> [PROMPT]: For this exercise, copy exactly the lines below from the one with "Casco da sci da bambino osbe" through the one with "Din Mănăstirea Cașin" and leave out the pictures.

> [GIVEN RECORDS]:
——

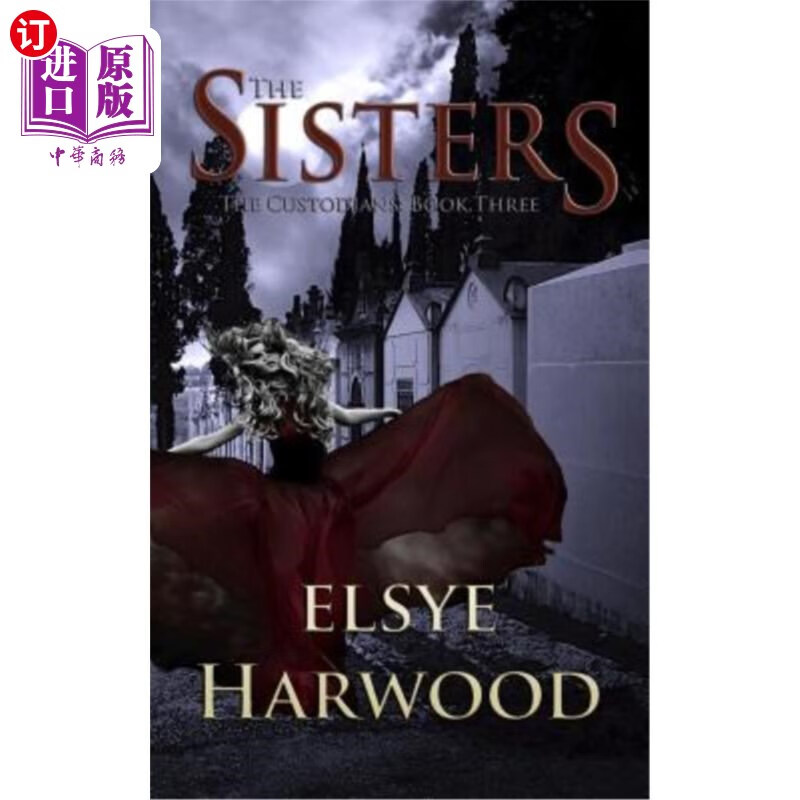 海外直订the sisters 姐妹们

——

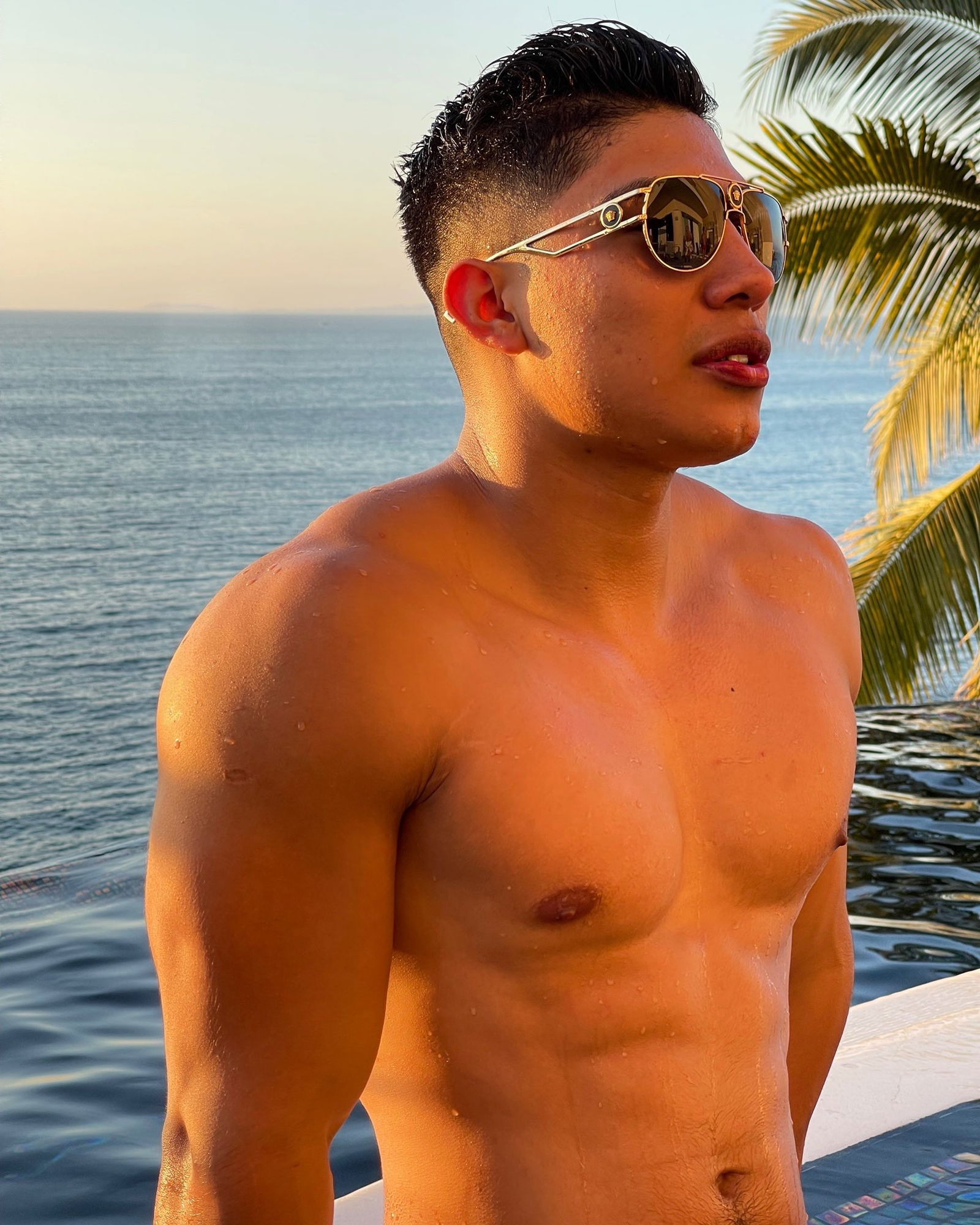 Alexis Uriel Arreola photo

——

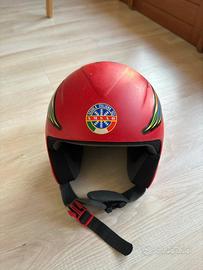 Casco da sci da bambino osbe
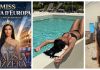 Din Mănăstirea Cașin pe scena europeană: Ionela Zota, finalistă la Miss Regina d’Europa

——

> [RESPONSE TO THE EXERCISE]:
 Casco da sci da bambino osbe
 Din Mănăstirea Cașin pe scena europeană: Ionela Zota, finalistă la Miss Regina d’Europa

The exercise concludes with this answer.